# Gulf Shores skunk



## pompanostradamus (Oct 17, 2007)

Went surf fishing west of the GSSP pier this morning between 830 and noon. East wind clocked around to northeast last night and knocked the waves down. Water is still very muddy. Fleas were scarce but I worked hard for a pocketful. Croakers wore me out. Couldn't keep a line out without these critters stealing my bait or getting hooked up. No action from anything else, not even a catfish! I did switch out my rig and send a croaker out on a circle hook but no takers. Heard somebody was catching bull reds down on West Beach. Where the heck is the fall run? Got wind and rain in the forecast but since I'm on vacation all week, I will persevere.


----------



## Scottie531 (Aug 7, 2011)

I was down on west beach last weekend. Fished friday night, and fishing every day morning and night through Monday. Managed a very nice 23" speck, and a 19" flounder. Both were my biggest of those species. Needless to say, though, I was actually disappointed. Couldn't get the redfish bite all weekend, and other than those two fish, I was pretty much skunked other than the occasional bluefish.

Anywho, thanks for the report. Hope it gets better for ya, goodluck!


----------



## pompanostradamus (Oct 17, 2007)

I'm thinking I need to start targeting multiple species to avoid the skunk. Where can you fish on west beach? I've seen the public lot at Lee Callaway but it is always packed...


----------



## oxbeast1210 (Jun 21, 2010)

Haha I target any species and get skunked! !


----------



## Scottie531 (Aug 7, 2011)

pompanostradamus said:


> I'm thinking I need to start targeting multiple species to avoid the skunk. Where can you fish on west beach? I've seen the public lot at Lee Callaway but it is always packed...



I'm lucky enough to have a condo in the Sanibel right near the pass - which i think is the Lee Callaway bridge you're talking about. It can get busy later in the day, for sure, but when I went last weekend, I was able to park at the lot every time I went. But since I'm so close, if I know it's busy I usually just walk.


----------



## pompanostradamus (Oct 17, 2007)

Thanks for the info Scottie. I'm too stubborn to walk away from my spot by the pier because it has been so productive but I guess I've got to explore someday. Do you have an opinion as to which side of the pass to fish on?


----------



## Scottie531 (Aug 7, 2011)

Well, I'm certainly no expert fisherman... I would probably fall short of even saying i'm a good one, too. haha But for the most part I've fished the gulf side and caught reds, specks, and that one flounder this past weekend. 

I really haven't done much of any fishing on the lagoon side. The only people I've seen fishing the lagoon side have been in boats. The dredging that they're doing right now has kind of mucked up the wade fishing on the lagoon side.
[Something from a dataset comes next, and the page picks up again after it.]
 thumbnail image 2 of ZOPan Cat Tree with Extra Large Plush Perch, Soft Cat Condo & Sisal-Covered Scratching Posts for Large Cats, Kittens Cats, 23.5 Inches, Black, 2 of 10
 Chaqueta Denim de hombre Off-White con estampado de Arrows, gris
It is fairly shallow, though, but it's a fairly far distance from the beach so I never gave it a shot. 

So I guess I would recommend the gulf side. Bait fish aren't too hard to come by, especially with an outgoing tide. I had no trouble finding a few little schools of finger mullet, and an occasional school of little pinfish in the shallower water close to shore and right along the wall of the pass leading into the gulf. So if ya like catching your own bait, shouldn't be too much of a problem!
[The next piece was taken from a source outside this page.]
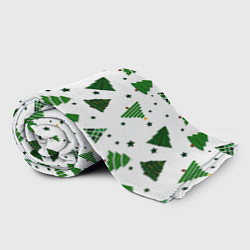 Плед флисовый Узор с зелеными елочками, цвет: 3D-велсофт — фото 2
And as far as lures go, I've had luck bouncing a soft plastic on a 1/2 oz jighead for both specs and flounder. Haven't had much luck on topwater. I've caught a few blues, skipjack and the one speck using a popping cork with a live shrimp or baitfish. For the slot reds, I've used a carolina rig with a 3/4 oz egg weight and live shrimp or baitfish.

Long post, I know. Hope i've at least helped ya a little bit. Wish you the best of luck! I can just about guarantee you'll at least catching something fishing the pass.


----------



## pompanostradamus (Oct 17, 2007)

Thanks for all the detailed info. I'm going to try it out this morning. I'll probably post the results, good or bad.


----------



## Surfcaster (Jul 22, 2011)

Hey guys...nice post here. I too am a landlocked angler....i have never fished the gulf side. Would the east or west side of the pass be better? I have done a good amount of Wade fishing on the lagoon side. Popping corks and any new penny colored gulp will produce nice specks. Just Wade around and work the holes, in fact, about four weeks ago, i caught a speck on a free lined small shrimp. Got the fish to me and he bit through the line (8 lb test) after i had one hand on him. It was the biggest that i have ever seen, and made me look up the state record when i returned. Had i actually landed the fish and not watched him swim away ever so slowly, it would have easily given the record a run. All i got was a slap on the back from the catch bag that my wife was holding...lol!
Anyways...plenty of rat reds and the occasional slot, and many many whiting also. I normally catch a net or two full of finger mullet and work them on a jig head hooked through the mouth which produces many smaller legal flounder. Haven't run across any doormats as of yet. I have my wife hooked on fishing after the last couple of months......but i am dying to get her to experience the fight of a bull red. Any one that could point me into a probable spot i would greatly appreciate it!

Tight lines!


----------